A Semantic-Associated Factor Graph Model for LiDAR-Assisted Indoor Multipath Localization

In indoor environments where Global Navigation Satellite System (GNSS) signals are entirely blocked, wireless signals such as 5G and Ultra-Wideband (UWB) have become primary means for high-precision positioning. However, complex indoor structures lead to significant multipath effects, which severely constrain the improvement of positioning accuracy. Existing indoor positioning methods rarely link environmental semantic information (e.g., wall, column) to multipath error estimation, leading to inaccurate multipath correction—especially in complex scenes with multiple reflective objects. To address this issue, this paper proposes a LiDAR-assisted multipath estimation and positioning method.

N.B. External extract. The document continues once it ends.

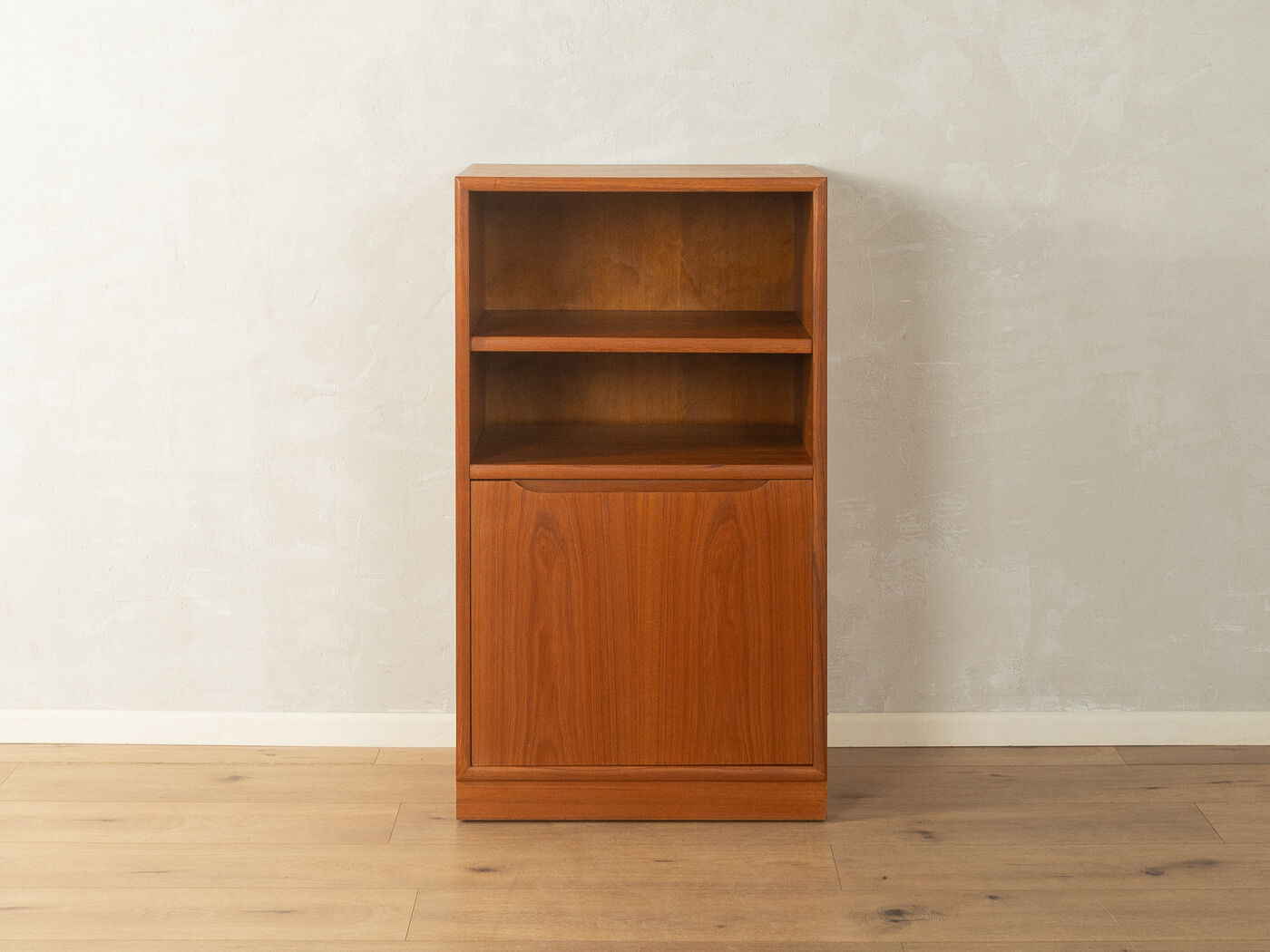 Classic chest of drawers from the 1960s, teak veneer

This method constructs a tightly coupled perception-positioning framework: first, a semantic-feature-based neural network for reflective surface detection is designed to accurately extract the geometric parameters of potential reflectors from LiDAR point clouds; subsequently, a unified factor graph model is established to multidimensionally associate and jointly infer terminal states, virtual anchor (VA) states, wireless signal measurements, and LiDAR-perceived reflector information, enabling dynamic discrimination and utilization of both line-of-sight (LOS) and non-line-of-sight (NLOS) paths. Experimental results demonstrate that the root mean square error (RMSE) of the proposed method is improved by 32.1% compared to traditional multipath compensation approaches. This research provides an effective solution for high-precision and robust positioning in complex indoor environments.